SunTrust, with total consolidated assets of approximately $61.4 billion, operates banks in Florida, Georgia, Tennessee, and Alabama, and engages in a number of permissible nonbanking activities.(3) SunTrust is the second largest commercial banking organization in Georgia, controlling deposits of approximately $10.3 billion, representing 12.6 percent of total deposits in commercial banking organizations in the state ("state deposits"). Crestar, with total consolidated assets of approximately $26.2 billion, operates a bank with branches in Virginia, Maryland, and the District of Columbia. Crestar is the largest commercial banking organization in Virginia, controlling deposits of approximately $10.1 billion, representing 13.3 percent of Virginia state deposits. Crestar is the fourth largest commercial banking organization in Maryland, controlling deposits of approximately $4.9 billion, representing 8.9 percent of Maryland state deposits. In the District of Columbia, Crestar is the fifth largest commercial banking organization, controlling deposits of approximately $922.6 million, representing 9.1 percent of deposits in the District of Columbia.

Interstate Analysis

Section 3(d) of the BHC Act allows the Board to approve an application by a bank holding company to acquire control of a bank located in a state other than the home state of such bank holding company, if certain conditions are met.

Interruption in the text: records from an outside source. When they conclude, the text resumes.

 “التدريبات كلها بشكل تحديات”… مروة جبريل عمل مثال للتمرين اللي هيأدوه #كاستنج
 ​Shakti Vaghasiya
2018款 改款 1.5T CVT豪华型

For purposes of the BHC Act, the home state of SunTrust is Georgia, and Crestar controls a bank that operates in Virginia, Maryland, and the District of Columbia.(4) All the conditions for an interstate acquisition enumerated in section 3(d) are met in this case.(5) In view of all the facts of record, the Board is permitted to approve the proposal under section 3(d) of the BHC Act.

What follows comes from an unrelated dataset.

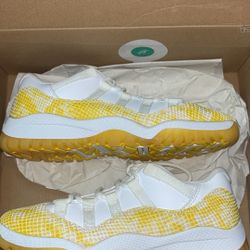 Jordan 11 Retro Low Kids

Competitive Considerations

The BHC Act prohibits the Board from approving an application under section 3 of the BHC Act if the proposal would result in a monopoly or if the proposal would substantially lessen competition in any relevant banking market and, in the latter case, the Board has not found that the anticompetitive effects of the proposal are clearly outweighed in the public interest by the probable effect of the proposal in meeting the convenience and needs of the community to be served.(6) SunTrust and Crestar do not compete in any banking market. Based on all the facts of record, the Board concludes that consummation of the proposal would not have a significantly adverse effect on competition or on the concentration of banking resources in any relevant banking market. Accordingly, the Board has determined that competitive factors are consistent with approval of the proposal.

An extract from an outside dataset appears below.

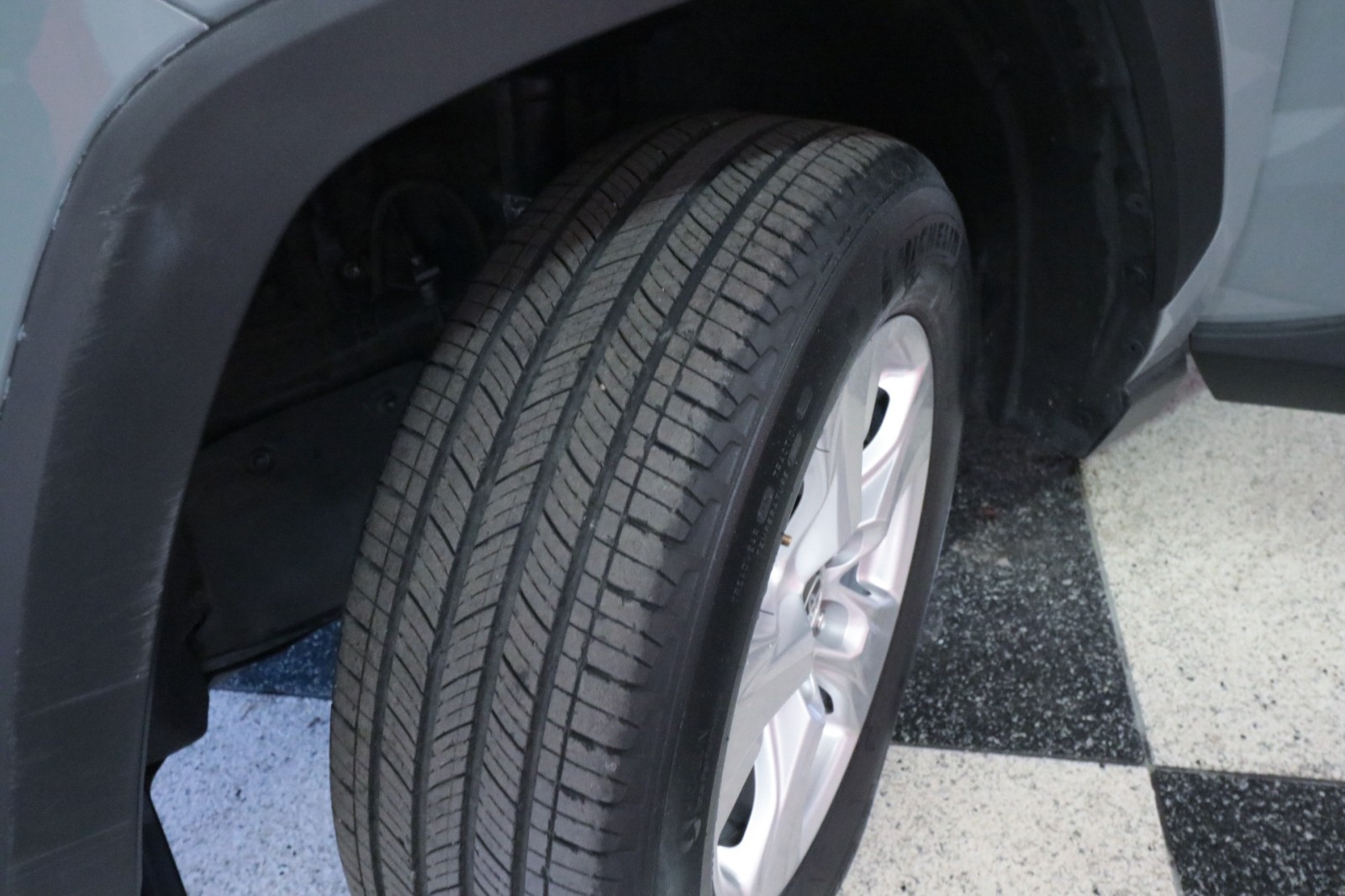 Used Car 2021 Toyota Rav4  Xle For Sale Under $30,000 In Austin, Texas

Financial, Managerial, and Other Supervisory Factors

The Board has carefully considered the financial and managerial resources and future prospects of SunTrust and Crestar, and their respective subsidiaries, and other supervisory factors in light of all the facts of record. As part of this consideration, the Board has reviewed relevant reports of examination and other supervisory information prepared by the Reserve Banks and other federal agencies. The Board notes that the bank holding companies and their subsidiary banks are currently well capitalized and are expected to remain so after consummation of the proposal.

The Board also has considered other aspects of the financial condition and resources of the two organizations and the structure of the proposed transaction. Based Oh these and other facts of record, the Board concludes that considerations relating to the financial and managerial resources and future prospects of SunTrust, Crestar, and their respective subsidiaries are consistent with approval of the proposal, as are the other supervisory factors that the Board must consider under section 3 of the BHC Act.

Convenience and Needs Factor

The Board has carefully considered the effect of the proposed acquisition on the convenience and needs of the communities to be served in light of all the facts of record, including comments on the effect the proposal would have on the communities to be served by the combined organization. Overall, the Board received approximately 45 comments in favor of the proposal and nine opposed to, or expressing concern about, the proposal.